The San Francisco-based company offers mobile network operators, banks and merchants various options for branded mobile wallets, contactless payments and mobile commerce loyalty programs.
"We are a complete mobile payments company for issuing, acquiring, online and offline transactions," says Brian Bogosian, Salt's chairman, CEO and president.
Salt Technology began operations in Toronto, where it still has an office, three years ago as a small, self-funded operation, Bogosian says. In the past year since he has been CEO, the company has gone after various partnerships and investors to help it develop an extensive mobile pay platform not relying on any one technology at its foundation, Bogosian says.

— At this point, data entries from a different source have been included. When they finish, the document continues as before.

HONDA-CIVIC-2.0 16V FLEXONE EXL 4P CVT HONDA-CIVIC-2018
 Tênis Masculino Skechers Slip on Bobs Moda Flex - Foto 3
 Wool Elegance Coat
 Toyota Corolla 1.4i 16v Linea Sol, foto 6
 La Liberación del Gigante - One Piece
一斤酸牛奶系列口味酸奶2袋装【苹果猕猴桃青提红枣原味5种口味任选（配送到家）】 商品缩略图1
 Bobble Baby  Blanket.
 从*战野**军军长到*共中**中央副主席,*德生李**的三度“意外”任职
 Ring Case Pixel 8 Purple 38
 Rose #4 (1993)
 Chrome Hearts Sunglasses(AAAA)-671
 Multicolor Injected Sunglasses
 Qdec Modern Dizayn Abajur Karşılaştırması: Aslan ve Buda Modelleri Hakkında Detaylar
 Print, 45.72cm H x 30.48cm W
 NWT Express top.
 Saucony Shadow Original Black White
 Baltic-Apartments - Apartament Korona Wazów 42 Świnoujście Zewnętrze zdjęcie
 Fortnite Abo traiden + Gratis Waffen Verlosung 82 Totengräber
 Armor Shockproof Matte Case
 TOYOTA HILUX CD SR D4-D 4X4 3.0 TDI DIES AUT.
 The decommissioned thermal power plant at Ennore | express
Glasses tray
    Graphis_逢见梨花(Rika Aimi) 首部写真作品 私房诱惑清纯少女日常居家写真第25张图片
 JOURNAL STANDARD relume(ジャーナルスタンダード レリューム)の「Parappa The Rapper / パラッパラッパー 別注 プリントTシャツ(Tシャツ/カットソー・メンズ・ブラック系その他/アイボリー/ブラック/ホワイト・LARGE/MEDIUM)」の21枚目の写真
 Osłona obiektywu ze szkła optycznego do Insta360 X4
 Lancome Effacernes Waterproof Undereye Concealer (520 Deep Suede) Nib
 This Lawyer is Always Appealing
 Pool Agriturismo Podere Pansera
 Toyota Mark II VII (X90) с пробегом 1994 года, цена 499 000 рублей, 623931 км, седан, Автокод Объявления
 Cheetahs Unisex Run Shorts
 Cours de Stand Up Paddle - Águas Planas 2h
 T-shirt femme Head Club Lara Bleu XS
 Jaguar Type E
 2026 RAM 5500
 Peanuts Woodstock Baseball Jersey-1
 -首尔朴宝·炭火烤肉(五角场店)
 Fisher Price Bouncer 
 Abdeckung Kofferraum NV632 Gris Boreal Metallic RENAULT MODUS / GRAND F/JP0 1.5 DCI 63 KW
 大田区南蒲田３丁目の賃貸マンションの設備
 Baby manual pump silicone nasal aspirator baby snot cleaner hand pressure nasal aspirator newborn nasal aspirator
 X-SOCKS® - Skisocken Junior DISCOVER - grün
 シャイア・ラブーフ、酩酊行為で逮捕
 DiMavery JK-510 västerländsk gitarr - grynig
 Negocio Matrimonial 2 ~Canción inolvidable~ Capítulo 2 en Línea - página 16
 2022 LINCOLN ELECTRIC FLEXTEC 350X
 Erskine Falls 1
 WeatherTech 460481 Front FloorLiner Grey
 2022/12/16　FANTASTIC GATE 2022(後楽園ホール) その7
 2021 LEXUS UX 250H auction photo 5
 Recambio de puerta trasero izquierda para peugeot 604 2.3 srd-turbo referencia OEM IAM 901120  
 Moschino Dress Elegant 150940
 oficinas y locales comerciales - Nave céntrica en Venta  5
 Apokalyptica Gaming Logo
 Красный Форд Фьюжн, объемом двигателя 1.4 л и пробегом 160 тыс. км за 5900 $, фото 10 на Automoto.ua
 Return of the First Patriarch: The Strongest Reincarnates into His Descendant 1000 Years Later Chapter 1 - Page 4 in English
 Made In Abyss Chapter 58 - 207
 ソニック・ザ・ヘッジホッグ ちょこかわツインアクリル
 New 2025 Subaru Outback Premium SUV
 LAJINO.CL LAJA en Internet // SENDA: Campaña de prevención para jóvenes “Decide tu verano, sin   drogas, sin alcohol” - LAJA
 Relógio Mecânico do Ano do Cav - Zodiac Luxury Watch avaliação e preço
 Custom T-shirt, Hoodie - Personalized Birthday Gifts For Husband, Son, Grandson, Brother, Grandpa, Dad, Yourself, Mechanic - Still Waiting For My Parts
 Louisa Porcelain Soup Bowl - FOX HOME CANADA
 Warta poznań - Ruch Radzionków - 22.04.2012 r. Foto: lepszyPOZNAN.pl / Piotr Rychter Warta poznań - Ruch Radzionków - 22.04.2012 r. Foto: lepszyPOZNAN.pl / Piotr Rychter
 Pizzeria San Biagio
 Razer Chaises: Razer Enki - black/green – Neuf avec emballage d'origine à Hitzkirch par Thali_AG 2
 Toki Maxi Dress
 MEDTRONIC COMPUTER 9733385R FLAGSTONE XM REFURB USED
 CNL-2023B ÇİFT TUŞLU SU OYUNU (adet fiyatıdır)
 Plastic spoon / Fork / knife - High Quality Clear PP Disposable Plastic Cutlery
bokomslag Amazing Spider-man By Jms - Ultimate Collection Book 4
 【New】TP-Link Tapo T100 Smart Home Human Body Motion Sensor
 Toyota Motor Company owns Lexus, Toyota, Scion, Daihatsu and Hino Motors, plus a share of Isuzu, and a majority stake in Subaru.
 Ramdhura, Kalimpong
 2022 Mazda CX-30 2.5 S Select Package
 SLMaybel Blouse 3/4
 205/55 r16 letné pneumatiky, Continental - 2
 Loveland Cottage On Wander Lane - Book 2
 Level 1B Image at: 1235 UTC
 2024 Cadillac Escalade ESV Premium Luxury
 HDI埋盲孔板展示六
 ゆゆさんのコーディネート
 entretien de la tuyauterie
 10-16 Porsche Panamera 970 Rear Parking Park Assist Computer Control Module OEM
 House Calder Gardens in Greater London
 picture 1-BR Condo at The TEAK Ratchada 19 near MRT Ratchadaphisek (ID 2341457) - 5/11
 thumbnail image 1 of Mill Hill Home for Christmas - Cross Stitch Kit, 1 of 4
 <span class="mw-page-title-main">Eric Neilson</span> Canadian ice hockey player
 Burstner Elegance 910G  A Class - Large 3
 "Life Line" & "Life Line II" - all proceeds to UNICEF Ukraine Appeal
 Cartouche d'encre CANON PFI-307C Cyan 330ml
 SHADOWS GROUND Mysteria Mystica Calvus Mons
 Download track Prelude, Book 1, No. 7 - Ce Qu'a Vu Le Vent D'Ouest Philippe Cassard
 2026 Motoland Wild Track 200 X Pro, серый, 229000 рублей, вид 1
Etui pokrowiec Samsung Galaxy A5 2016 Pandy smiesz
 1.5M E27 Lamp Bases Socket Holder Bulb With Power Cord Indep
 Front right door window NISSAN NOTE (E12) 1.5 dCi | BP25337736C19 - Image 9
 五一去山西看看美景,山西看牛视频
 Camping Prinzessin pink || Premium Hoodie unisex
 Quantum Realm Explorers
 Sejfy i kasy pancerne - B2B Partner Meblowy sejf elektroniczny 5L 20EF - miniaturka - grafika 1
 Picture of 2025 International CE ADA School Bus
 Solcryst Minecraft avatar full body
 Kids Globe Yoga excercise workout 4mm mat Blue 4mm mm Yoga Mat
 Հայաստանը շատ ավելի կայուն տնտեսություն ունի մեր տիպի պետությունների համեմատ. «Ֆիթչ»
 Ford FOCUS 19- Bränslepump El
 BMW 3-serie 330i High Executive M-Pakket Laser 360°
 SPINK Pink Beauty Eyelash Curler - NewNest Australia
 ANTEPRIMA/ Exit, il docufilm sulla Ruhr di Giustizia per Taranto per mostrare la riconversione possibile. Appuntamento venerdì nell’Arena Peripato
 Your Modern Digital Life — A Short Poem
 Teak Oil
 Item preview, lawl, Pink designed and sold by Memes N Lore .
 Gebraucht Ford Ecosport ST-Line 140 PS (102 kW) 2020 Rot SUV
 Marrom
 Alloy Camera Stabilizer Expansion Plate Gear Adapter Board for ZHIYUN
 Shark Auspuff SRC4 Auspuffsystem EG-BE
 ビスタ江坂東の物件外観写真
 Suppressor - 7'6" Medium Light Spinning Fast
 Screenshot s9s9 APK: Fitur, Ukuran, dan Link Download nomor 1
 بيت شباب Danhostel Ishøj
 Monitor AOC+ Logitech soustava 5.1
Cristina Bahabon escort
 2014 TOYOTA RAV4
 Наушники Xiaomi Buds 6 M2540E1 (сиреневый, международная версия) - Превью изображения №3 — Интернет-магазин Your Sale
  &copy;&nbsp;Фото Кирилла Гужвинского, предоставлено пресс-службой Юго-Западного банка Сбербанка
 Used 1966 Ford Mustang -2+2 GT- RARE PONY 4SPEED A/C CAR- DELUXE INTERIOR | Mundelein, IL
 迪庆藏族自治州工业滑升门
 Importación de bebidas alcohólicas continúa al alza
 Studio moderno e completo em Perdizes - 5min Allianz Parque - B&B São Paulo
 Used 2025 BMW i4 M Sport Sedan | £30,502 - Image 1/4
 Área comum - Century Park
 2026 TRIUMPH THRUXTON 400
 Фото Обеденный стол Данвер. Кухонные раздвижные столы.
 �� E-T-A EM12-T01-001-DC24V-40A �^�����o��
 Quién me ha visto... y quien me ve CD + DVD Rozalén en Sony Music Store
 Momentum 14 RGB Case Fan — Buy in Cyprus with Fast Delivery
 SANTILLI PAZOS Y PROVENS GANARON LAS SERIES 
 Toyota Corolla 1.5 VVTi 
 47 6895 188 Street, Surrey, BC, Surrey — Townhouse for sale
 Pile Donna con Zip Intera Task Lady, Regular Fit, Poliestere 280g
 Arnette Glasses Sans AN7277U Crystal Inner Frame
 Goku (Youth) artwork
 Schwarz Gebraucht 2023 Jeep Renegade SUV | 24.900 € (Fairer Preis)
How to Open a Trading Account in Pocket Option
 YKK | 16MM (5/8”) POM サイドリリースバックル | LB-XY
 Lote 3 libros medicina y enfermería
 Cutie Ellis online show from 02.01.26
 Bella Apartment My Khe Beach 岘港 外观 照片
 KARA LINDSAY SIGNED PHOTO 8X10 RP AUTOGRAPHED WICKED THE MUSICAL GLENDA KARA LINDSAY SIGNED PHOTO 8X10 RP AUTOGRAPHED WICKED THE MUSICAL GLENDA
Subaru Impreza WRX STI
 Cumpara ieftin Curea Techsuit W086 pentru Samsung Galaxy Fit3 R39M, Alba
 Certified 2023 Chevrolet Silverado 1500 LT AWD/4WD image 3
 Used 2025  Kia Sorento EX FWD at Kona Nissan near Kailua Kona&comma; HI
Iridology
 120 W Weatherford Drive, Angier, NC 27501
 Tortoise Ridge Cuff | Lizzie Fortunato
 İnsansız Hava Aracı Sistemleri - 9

While Near Field Communication "has legs and a lot of money behind it," the contactless, two-way communication technology has not been adopted in the U.S. as quickly as in Europe, Bogosian says.
As such, Salt Technology's mobile platform can support NFC, peer-to-peer or mobile-browser-based payments, as well as cloud-based or remote quick-response (QR) code-based payments. Salt's Personal Payment Profile, which operates as the company's mobile wallet for consumers, initiates mobile payments for credit, debit and loyalty cards, and can hold tickets or transportation tokens.
"If you look at what's happening in the industry, all of the banks and carriers are investing in NFC," Bogosian says. "We think that NFC is a key technology for mobile payments, but it won't be the only one that consumers adopt."
Salt has to make itself stand out from a growing list of companies seeking to establish themselves in the mobile payments industry, says Jeffrey Green, director of emerging technologies and advisory services for Boston-based Mercator Advisory Group.
"Salt operates as a third-party provider, so for any telco or financial institution looking for assistance, they would be one of any number of companies willing to offer it," Green says.
Whether Salt will succeed when it launches its product will depend on how well the company can convince potential clients it can remain viable for the long haul and provide more services as needed, Green adds.
By offering various mobile payment options, Salt positions itself well in the evolving mobile payments environment, Green says.
"There is speculation now that the QR codes will serve as a bridge technology until NFC takes hold, which could take some time," Green says.
Salt will use a combination of direct sales and independent sales organizations to bring its software to market, Bogosian says.
Merchants who incorporate the Salt application interfaces for their branded wallets, credit cards or loyalty services will route transactions through Salt's payment gateway, Bogosian says.
"We built a payment gateway from the ground up because we wanted it to be full-functioning, able to handle any type of payment," Bogosian adds. "We were anticipating a world where there would have to be a variety of payments that come through our payment platform and wallet."
Salt uses the infrastructure that "Visa and MasterCard set up more than 30 years ago," Bogosian says. "We use the same authorization, settlement and chargeback processes."
Salt stores transaction history in the cloud or on the secure element of a phone handset so that no credit card data is exposed on a phone, he adds.
In the coming months, Salt plans to announce new partnerships with banks, processors and merchants. The mobile payments rollout is expected during the third quarter of 2013.
"Our message is resonating with some potential major partners," Bogosian says.